The Future TV Taskforce, representing the PSBs, counters that moving online could “close the digital divide once and for all”. “We want to be able to plan to ensure that no one is left behind,” a spokesperson says, adding that rising DTT costs could otherwise mean cuts to programme budgets.
The numbers show the scale of the challenge. Of the 1.8m Freeview-dependent homes projected for 2035, around 1.1m are expected to have broadband but not use it for TV. The remaining 700,000 are forecast to lack a broadband connection altogether.
Veterans of the analogue switch-off, completed in 2012 after 76 years, recall similar fears of “TV blackout chaos”. Around 6 per cent of households were labelled “digital refuseniks”, yet a targeted help scheme and a national campaign, fronted by a robot called Digit Al voiced by Matt Lucas, delivered a largely smooth transition.
This time, the BBC is less keen to foot the bill. Tim Davie, the outgoing director general, has said the corporation should not fund a comparable support programme for a Freeview switch-off.
Research for Sky by Oliver & Ohlbaum suggests that with early awareness campaigns and digital inclusion measures, only about 330,000 households would ultimately need hands-on help ahead of a 2034 shutdown.
Meanwhile, viewing habits continue to fragment.
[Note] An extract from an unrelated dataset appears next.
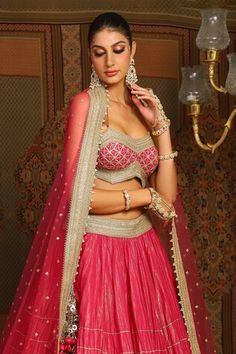 Rani pink lehenga featuring stacked style striped gota wave embroidery and heavy tassel ornamentations. Paired with a noodle strap blouse with geometric gota jaal embroidery and a heavily embellished floral border net dupatta., Fit: Relaxed Pink Wedding Sets With Cutdana Detailing, Party Pink Choli With Motifs, Pink Party Choli With Motifs, Elegant Pink Sets With Motifs, Pink Lehenga With Motifs For Navratri, Elegant Pink Lehenga With Motifs, Pink Traditional Wear With Motifs For Wedding, Elegant Pink Choli With Motifs, Pink Traditional Wedding Wear With Motifs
Audience body Barb says 7 per cent of UK households no longer own a TV set, choosing to watch on other devices. In December, YouTube overtook the BBC’s combined channels in total UK viewing across TVs, smartphones and tablets, albeit measured at a minimum of three minutes.
That shift may accelerate. YouTube has recently blocked Barb and its partner Kantar from accessing viewing session data, limiting transparency just as online platforms consolidate power.
“When the government chose British Satellite Broadcasting as the ‘winner’ in satellite TV it was Rupert Murdoch’s Sky instead that came out on top,” says a senior TV executive quoted by The Guardian. “There already is such an outsider ready to be the winner in the transition to internet TV; it is YouTube.”
Freeview’s future now hangs on a familiar British dilemma: modernise fast and risk exclusion, or protect universality and pay the price. Either way, the aerial’s days as king of the living room look numbered.